How to Create a Data Frame from Scratch in R
The conversion from a matrix to a data frame in R can’t be used to construct a data frame with different types of values. If you combine both numeric and character data in a matrix for example, everything will be converted to character.
You can construct a data frame from scratch, though, using the data.frame() function. Once a data frame is created, you can add observations to a data frame.
Make a data frame from vectors in R
So, let’s make a little data frame with the names, salaries, and starting dates of a few imaginary co-workers.

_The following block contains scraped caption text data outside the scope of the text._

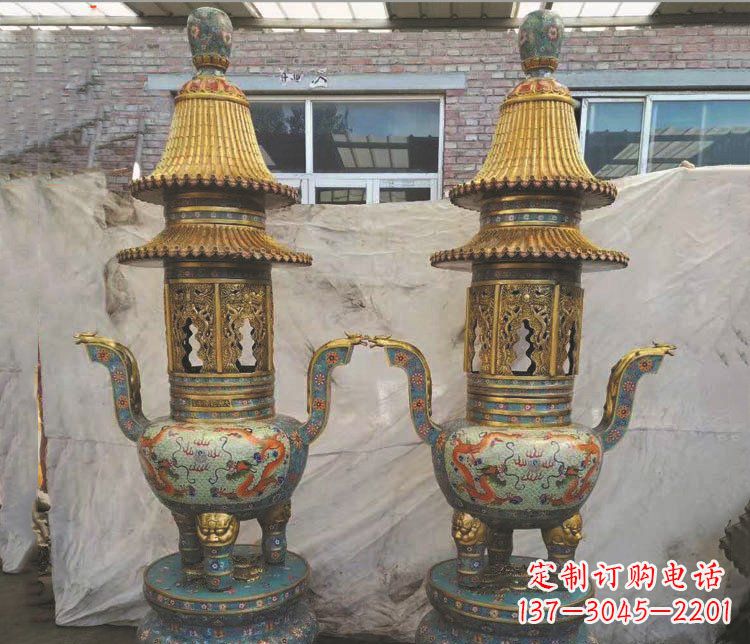 泸州铜雕景泰蓝香炉雕塑摆件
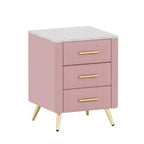 Comodini moderni imbottiti con cassetto, piano in finto marmo e gambe in metallo dorato, eleganti tavolini da comodino per camera da letto o divano-Panipeachy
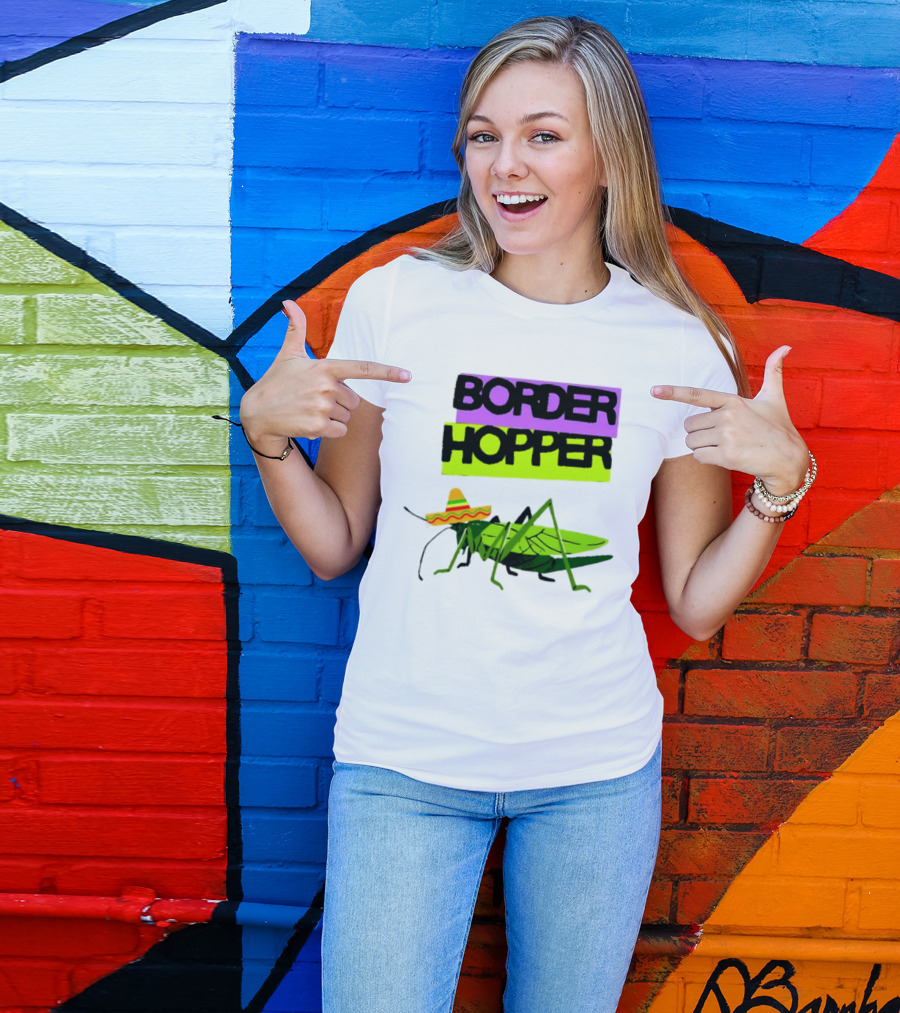 Border Hopper Sombrero Grasshopper T-Shirt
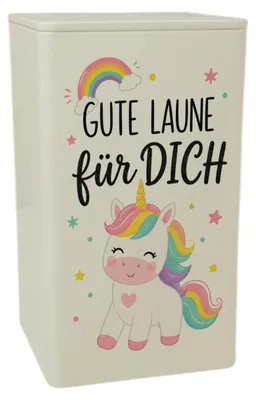 Produktbild von Dose 900ml Einhorn - Vorratsdose mit fröhlichem Spruch Teedose Mit Spruch: Gute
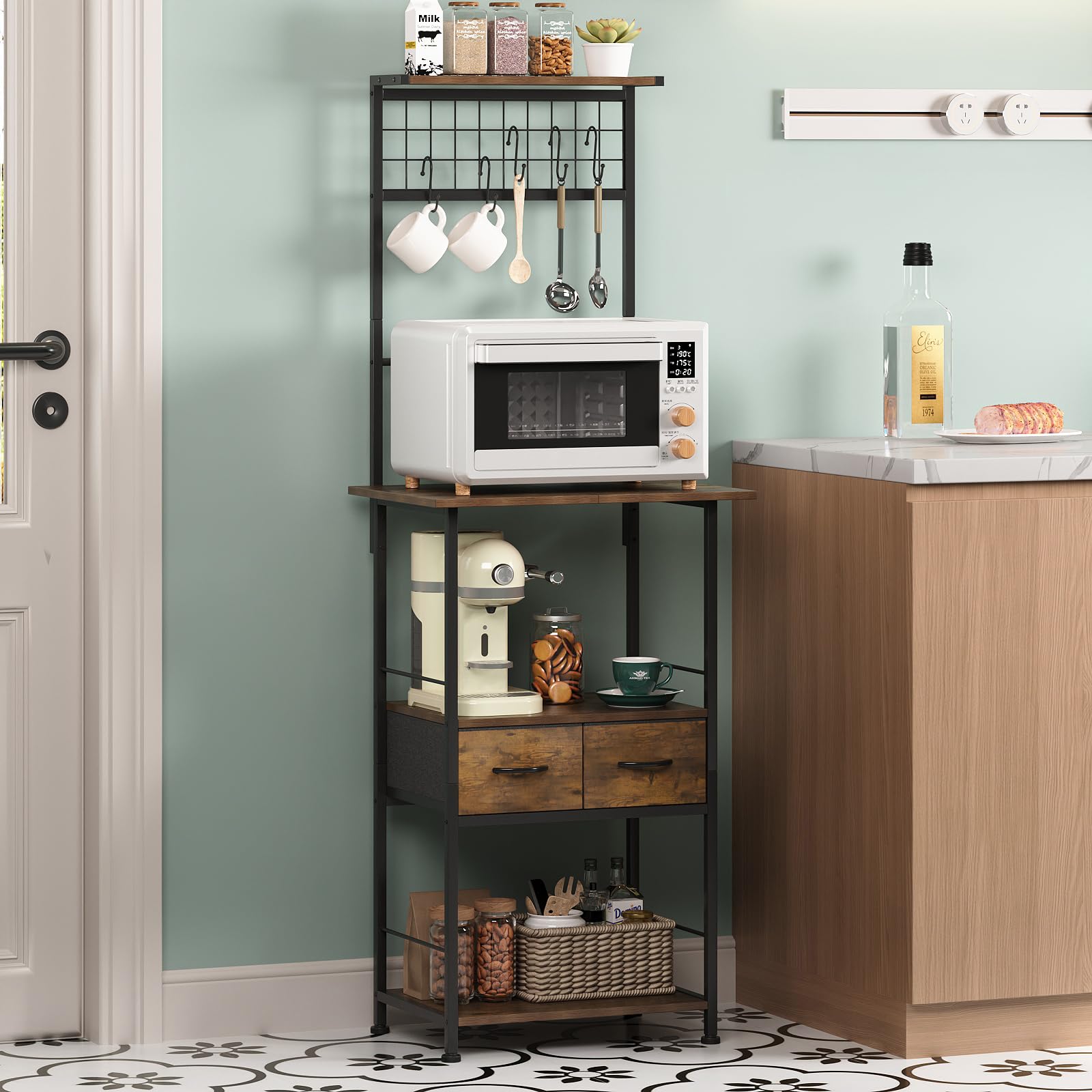 Tohomeor Mensola da Cucina, Scaffalatura a Colonna per Piccola Area Caffè e Panetteria, Stretta con 2 Cassetti in Tessuto e 5 Ganci – Mensola in Stile Country per Cucina, Corridoio o Soggiorno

First, you create three vectors that contain the necessary information like this:
> employee <- c('John Doe','Peter Gynn','Jolie Hope') > salary <- c(21000, 23400, 26800) > startdate <- as.Date(c('2010-11-1','2008-3-25','2007-3-14'))
Now you have three different vectors in your workspace:
A character vector called employee, containing the names
A numeric vector called salary, containing the yearly salaries
A date vector called startdate, containing the dates on which the contracts started
Next, you combine the three vectors into a data frame using the following code:
> employ.data <- data.frame(employee, salary, startdate)
The result of this is a data frame, employ.data, with the following structure:
> str(employ.data) 'data.frame': 3 obs. of 3 variables: $ employee : Factor w/ 3 levels "John Doe","Jolie Hope",..: 1 3 2 $ salary : num 21000 23400 26800 $ startdate: Date, format: "2010-11-01" "2008-03-25" ...
To combine a number of vectors into a data frame, you simple add all vectors as arguments to the data.frame() function, separated by commas. R will create a data frame with the variables that are named the same as the vectors used.
Keep characters as characters in R
You may have noticed something odd when looking at the structure of employ.data. Whereas the vector employee is a character vector, R made the variable employee in the data frame a factor.
R does this by default, but you have an extra argument to the data.frame() function that can avoid this — namely, the argument stringsAsFactors. In the employ.data example, you can prevent the transformation to a factor of the employee variable by using the following code:
> employ.data <- data.frame(employee, salary, startdate, stringsAsFactors=FALSE)
If you look at the structure of the data frame now, you see that the variable employee is a character vector, as shown in the following output:
> str(employ.data) 'data.frame': 3 obs. of 3 variables: $ employee : chr "John Doe" "Peter Gynn" "Jolie Hope" $ salary : num 21000 23400 26800 $ startdate: Date, format: "2010-11-01" "2008-03-25" ...
By default, R always transforms character vectors to factors when creating a data frame with character vectors or converting a character matrix to a data frame. This can be a nasty cause of errors in your code if you’re not aware of it. If you make it a habit to always specify the stringsAsFactors argument, you can avoid a lot of frustration.